For one mutation at the QH-site, H98S, the binding of HQNO was also examined. The results (Table 1) show that the dissociation constant is essentially the same as for the wild type enzyme, indicating that this residue is not important for the affinity of HQNO to the enzyme.

3.5 Generating the semiquinone radical at the QH site using ascorbate

The semiquinone form of ubiquinone-8 bound at the QH site can be generated by using ascorbate as a reducing agent and, after an empirically determined time, freezing the partially reduced (mixed valence) enzyme [31, 32, 43-45]. The continuous wave X-band EPR spectra of the oxidized and the partially reduced forms of wild type enzyme are shown in Figure 8A. The spectra show features previously assigned [46, 47] to high spin heme o3 (g = 5.81) and low spin heme b (g = 2.98, 2.26 and 1.45) as well as the signal from the semiquinone radical (g = 2). As previously discussed, the signal from the high spin heme o3 (g = 5.81) is due to a small fraction of the heme (≈ 5% to10%) which is no longer coupled to CuB [46, 47]. The spectra of the partially reduced forms of two mutants in the QH site, D75E and D75H, are also shown in Figure 8B. The D75E mutant is catalytically active and the EPR spectrum is similar to that of the wild type oxidase. The D75H mutant is catalytically inactive, and the EPR spectrum of the partially reduced enzyme lacks the signals from the low spin heme b, indicating that heme b in this mutant is completely reduced by the ascorbate.

Figure 8.

Figure 8

Open in a new tab

(A) Continuous-wave X-band EPR spectrum of oxidized (red) and reduced (black) cytochrome bo3 (see text for details). (B) EPR spectra of the reduced D75E and D75H mutants. Temperature 15 K, microwave power ~ 10 mWatt, modulation amplitude 0.5 mT, reduction time 6 hours.

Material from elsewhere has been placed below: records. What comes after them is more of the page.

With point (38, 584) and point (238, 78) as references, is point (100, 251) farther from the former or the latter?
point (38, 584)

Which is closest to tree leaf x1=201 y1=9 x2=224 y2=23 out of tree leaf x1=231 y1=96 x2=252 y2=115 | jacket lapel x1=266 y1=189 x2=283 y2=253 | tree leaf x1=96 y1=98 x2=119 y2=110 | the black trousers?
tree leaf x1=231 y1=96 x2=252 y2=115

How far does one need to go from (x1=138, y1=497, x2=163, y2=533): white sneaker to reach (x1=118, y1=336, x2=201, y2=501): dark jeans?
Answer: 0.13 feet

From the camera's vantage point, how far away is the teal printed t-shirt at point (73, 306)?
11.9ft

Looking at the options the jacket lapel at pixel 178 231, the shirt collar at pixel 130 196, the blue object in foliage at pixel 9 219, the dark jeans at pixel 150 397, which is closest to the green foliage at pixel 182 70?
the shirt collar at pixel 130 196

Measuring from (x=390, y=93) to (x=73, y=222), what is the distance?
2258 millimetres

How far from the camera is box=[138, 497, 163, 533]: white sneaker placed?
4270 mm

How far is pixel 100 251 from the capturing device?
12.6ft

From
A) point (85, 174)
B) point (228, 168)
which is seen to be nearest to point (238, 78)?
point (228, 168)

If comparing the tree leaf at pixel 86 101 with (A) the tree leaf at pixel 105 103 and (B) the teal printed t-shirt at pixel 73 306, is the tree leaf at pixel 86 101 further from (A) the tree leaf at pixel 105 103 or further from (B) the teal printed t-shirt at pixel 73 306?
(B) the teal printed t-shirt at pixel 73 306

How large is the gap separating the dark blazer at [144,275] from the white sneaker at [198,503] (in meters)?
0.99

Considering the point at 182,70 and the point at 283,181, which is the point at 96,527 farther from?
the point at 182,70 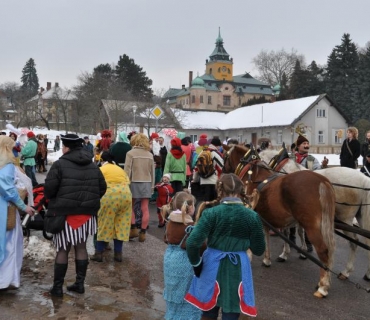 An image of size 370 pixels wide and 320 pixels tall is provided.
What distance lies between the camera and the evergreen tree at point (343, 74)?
59438mm

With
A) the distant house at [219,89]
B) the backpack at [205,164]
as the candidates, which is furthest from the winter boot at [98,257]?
the distant house at [219,89]

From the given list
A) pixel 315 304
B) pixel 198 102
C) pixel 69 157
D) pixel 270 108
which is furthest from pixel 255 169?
pixel 198 102

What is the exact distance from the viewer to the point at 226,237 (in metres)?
3.44

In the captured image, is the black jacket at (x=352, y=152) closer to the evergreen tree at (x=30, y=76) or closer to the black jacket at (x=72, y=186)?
the black jacket at (x=72, y=186)

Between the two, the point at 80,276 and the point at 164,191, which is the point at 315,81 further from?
the point at 80,276

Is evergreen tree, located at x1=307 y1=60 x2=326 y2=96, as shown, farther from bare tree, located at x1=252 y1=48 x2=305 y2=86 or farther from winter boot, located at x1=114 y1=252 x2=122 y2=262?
winter boot, located at x1=114 y1=252 x2=122 y2=262

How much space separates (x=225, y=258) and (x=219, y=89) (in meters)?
106

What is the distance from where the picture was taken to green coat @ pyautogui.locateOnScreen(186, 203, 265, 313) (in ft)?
11.2

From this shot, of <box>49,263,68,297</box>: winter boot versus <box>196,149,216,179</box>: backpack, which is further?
<box>196,149,216,179</box>: backpack

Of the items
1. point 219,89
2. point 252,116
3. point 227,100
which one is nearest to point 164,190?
point 252,116

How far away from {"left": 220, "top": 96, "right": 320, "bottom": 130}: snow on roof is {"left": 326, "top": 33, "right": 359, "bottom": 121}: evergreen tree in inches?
373

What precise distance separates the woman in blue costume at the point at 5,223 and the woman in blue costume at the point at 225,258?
269cm

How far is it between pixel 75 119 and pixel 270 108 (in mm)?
28365

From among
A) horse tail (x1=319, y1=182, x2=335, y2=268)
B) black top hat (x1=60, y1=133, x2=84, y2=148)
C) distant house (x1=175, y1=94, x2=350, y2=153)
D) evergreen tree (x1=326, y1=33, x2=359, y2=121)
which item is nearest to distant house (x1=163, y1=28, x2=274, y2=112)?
evergreen tree (x1=326, y1=33, x2=359, y2=121) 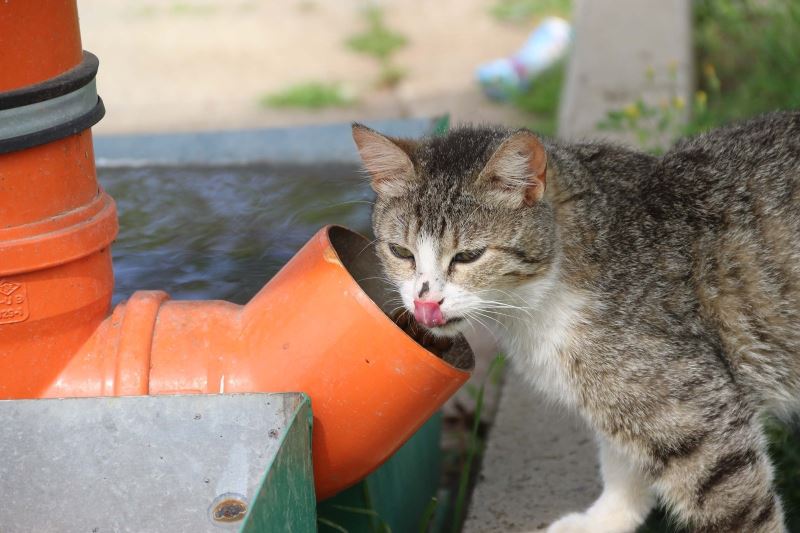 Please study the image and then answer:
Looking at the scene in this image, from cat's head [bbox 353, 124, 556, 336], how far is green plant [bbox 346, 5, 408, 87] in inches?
189

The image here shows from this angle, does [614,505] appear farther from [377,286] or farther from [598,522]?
[377,286]

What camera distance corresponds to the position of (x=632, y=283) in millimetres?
2781

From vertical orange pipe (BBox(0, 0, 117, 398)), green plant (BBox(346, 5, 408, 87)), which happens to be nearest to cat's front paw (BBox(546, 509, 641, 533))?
vertical orange pipe (BBox(0, 0, 117, 398))

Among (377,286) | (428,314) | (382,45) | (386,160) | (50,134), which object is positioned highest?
(50,134)

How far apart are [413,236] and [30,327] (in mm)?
1037

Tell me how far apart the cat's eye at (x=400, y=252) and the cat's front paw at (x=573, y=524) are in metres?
0.96

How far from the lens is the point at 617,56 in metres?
6.13

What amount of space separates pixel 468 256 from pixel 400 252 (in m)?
0.21

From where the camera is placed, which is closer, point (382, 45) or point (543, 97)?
point (543, 97)

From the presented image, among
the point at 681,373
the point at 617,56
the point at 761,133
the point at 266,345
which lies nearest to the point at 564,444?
the point at 681,373

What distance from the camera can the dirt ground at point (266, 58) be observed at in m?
7.09

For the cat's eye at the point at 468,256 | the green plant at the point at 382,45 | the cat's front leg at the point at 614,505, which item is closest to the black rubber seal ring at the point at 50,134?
the cat's eye at the point at 468,256

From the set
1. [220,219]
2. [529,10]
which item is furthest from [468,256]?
[529,10]

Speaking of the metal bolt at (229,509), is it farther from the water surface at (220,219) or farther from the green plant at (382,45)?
the green plant at (382,45)
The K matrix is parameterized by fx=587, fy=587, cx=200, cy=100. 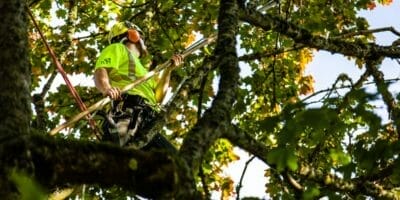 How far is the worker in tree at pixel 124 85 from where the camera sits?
4559mm

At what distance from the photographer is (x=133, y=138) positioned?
4520mm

The peak intensities of the EPR features for the wild type oxidase as a function of time after the addition of ascorbate are shown in Figure 9. The intensity of the low spin heme b signal decreases with time. In contrast, the amplitude of the high spin heme o3 signal as well as the amplitude of the semiquinone signal increase in parallel, reaching a maximum at about 6 hr. The simplest explanation is that the amount of reduced CuB (revealing the EPR signal from the oxidized heme o3) varies in proportion to the amount of semiquinone present. In the D75H mutant, the reduction of heme b occurs substantially more rapidly than in either the wild type or D75E mutant oxidase. As a result, after 6 hours, the EPR signal from heme b is not observed.

Figure 9.

Figure 9

Open in a new tab

Behavior of the EPR intensities of the semiquinone, heme o3 and heme b as a function of reduction time. The peak height of each sample in the spectrum recorded at 1 hour is arbitrarily set to a value of 1, and relative intensities are plotted as a function of time. The amplitudes of the signals due to ferric heme o3 (g=5.81) and ferric heme b (g=2.26) were measured from the spectra recorded at 15 K. The amplitude of the semiquinone signal was measured at 90 K with low microwave power to avoid saturation conditions and significant overlap with other signals around g~2. The relative intensities of the heme b, heme o3 and semiquinone signals are not necessarily proportional to the relative concentrations of the three species.

4. Discussion

The motivation of the current work was primarily to test the validity of the two-site model of ubiquinone binding to cytochrome bo3. It was previously shown that a large excess of ubiquinone-1 does not displace the bound ubiquinone-8 under conditions when all the species remain oxidized [11], and this has been repeated (Figure 3). The critical test, however, is to examine displacement under conditions when the enzyme is turning over ubiquinol-1. The fact that ubiquinol-1 does not displace ubiquinol-8 at the QH site under turnover conditions clearly shows that ubiquinone-8 at this site does not readily exchange. These new data definitively demonstrate that there must be more than one quinone binding site, thus supporting the two-site model (Figure 1) [11].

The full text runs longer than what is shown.